Implementing Data Masking Policy¶
The subsequent section guides you through the process of crafting a data masking policy tailored to your specific needs.
Create a Data Policy YAML Configuration¶
The first step entails creating a data policy. This policy is designed to mask the content in the email_id
column of a sample dataset. It achieves this by utilizing a hashing technique, specifically targeting users who possess the custom tag roles:id:test:user
.
version: v1
name: test-policy-pii-hash
type: policy
layer: user
description: "data policy to hash pii column - email_id"
owner:
policy:
data:
type: mask
priority: 90
depot: icebase
collection: sample
dataset: test_dataset
selector:
user:
match: any
tags:
- "roles:id:test:user"
column:
names:
- "email_id"
mask:
operator: hash
hash:
algo: sha256
Apply the Policy¶
Following policy creation, you'll need to apply
the policy using the DataOS CLI. This can be achieved using the following command:
dataos-ctl apply -f email_id_mask_hash.yml
# Expected Output
INFO[0000] 🛠apply...
INFO[0000] 🔧 applying test-policy-pii-hash:v1:policy...
INFO[0001] 🔧 applying test-policy-pii-hash:v1:policy...created
INFO[0001] 🛠apply...complete
Verify the Policy Application¶
Once the policy has been applied, run a query on the DataOS Workbench and check the column in the output data. This will confirm whether the email_id
column values have been successfully hashed.

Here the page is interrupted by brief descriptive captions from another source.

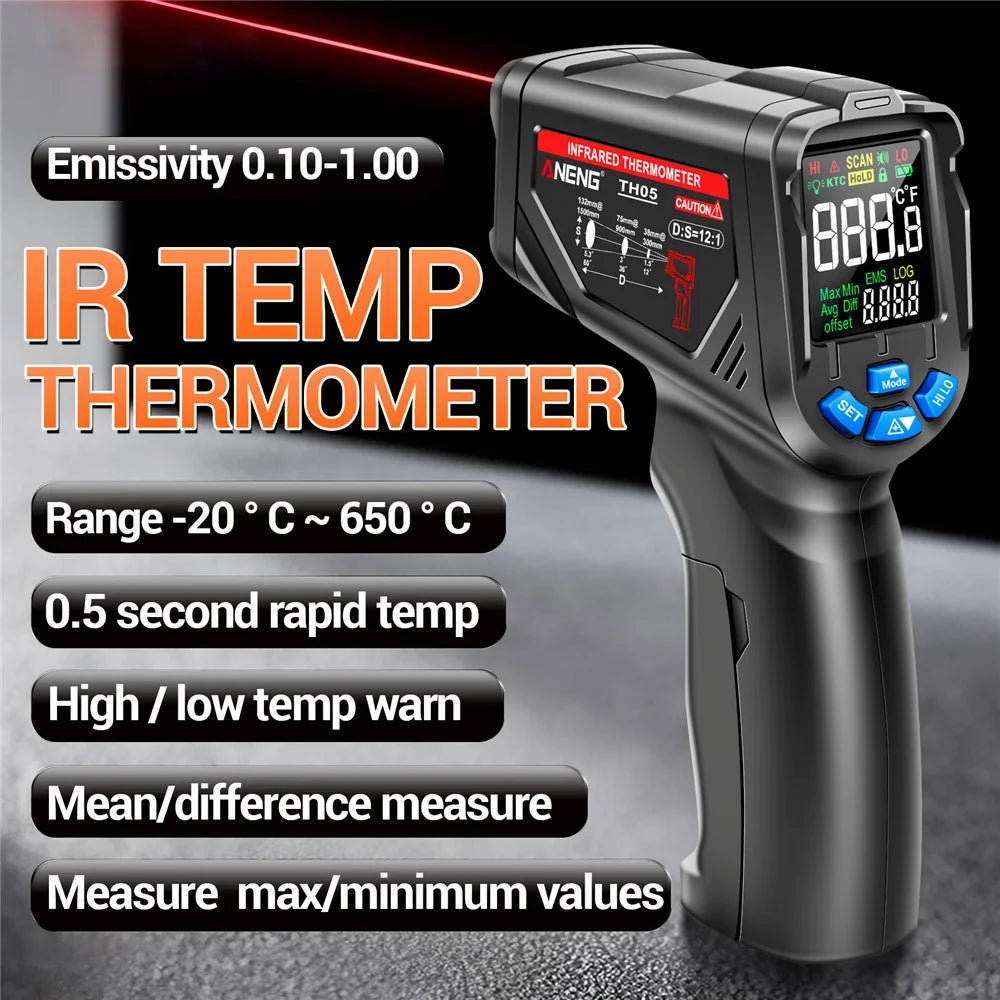 ANENG TH05 Portable Infrared Thermometers Handheld -20~650 Degree Temp Measurement with Digital Display - Black - 3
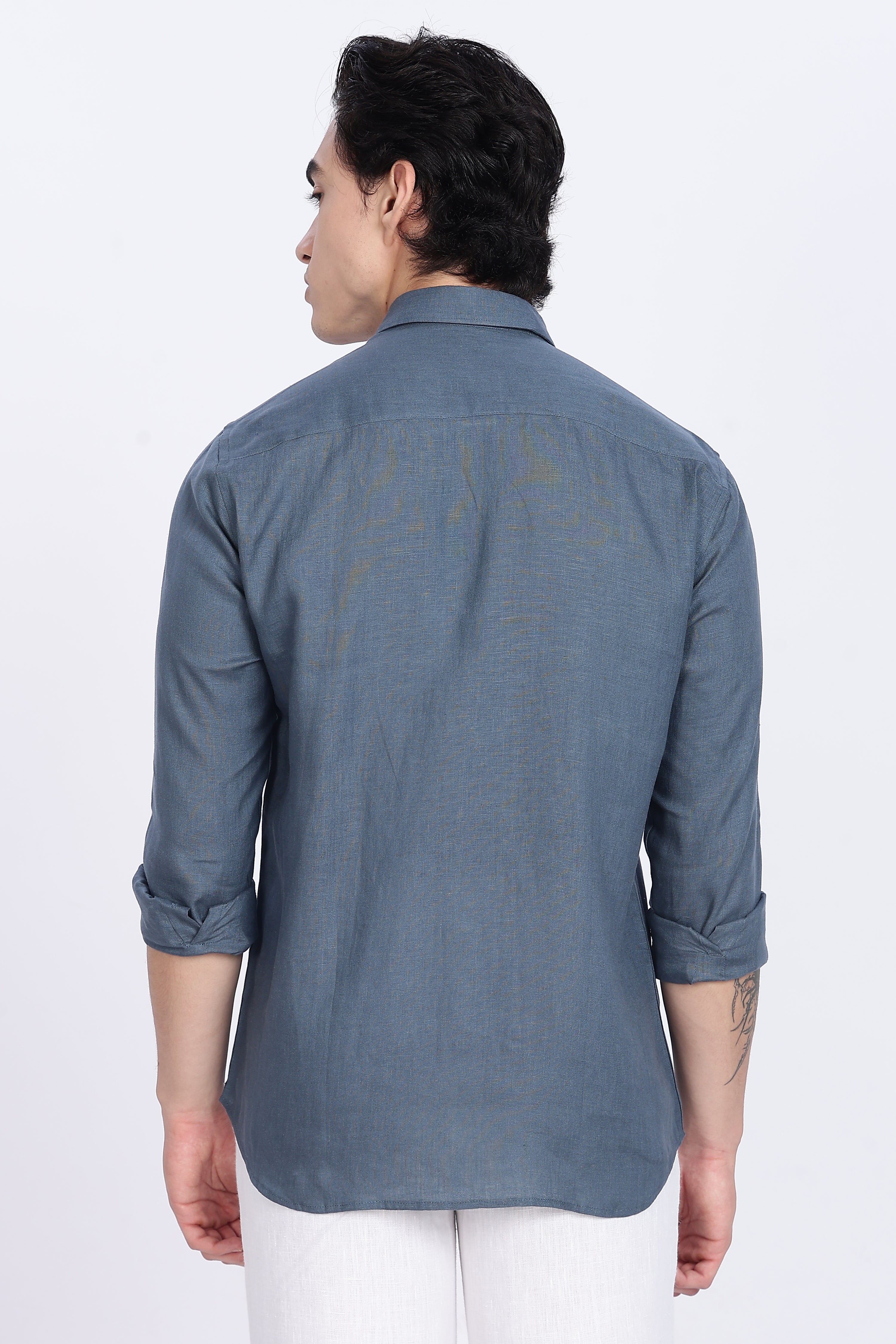 Men’s Blue Gray Full Sleeve Linen Shirt – 100% Pure Linen | Linen Culture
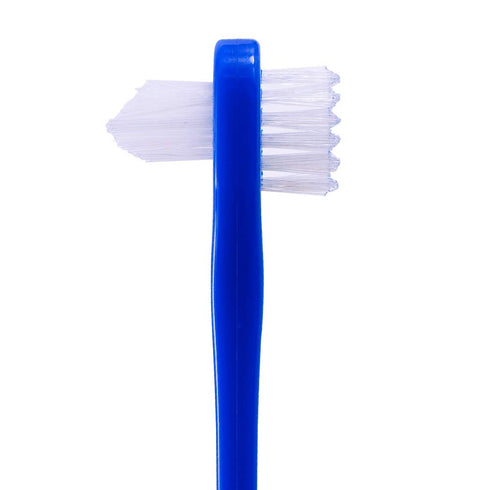 OASISGUEST Denture Cleaning Brush Set, T-Shaped Special Toothbrush, Hard Toothbrush for Denture Care (Blue, Red, White).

This image shows how the email_id
column values appear after the data policy has been implemented, indicating a successful hash operation.
Upon querying a dataset, the interface displays all the policies applied to it. If a governance policy has been implemented on the queried table, a cautionary triangle symbol will appear in the result bar of the result pane, signaling the presence of such a policy.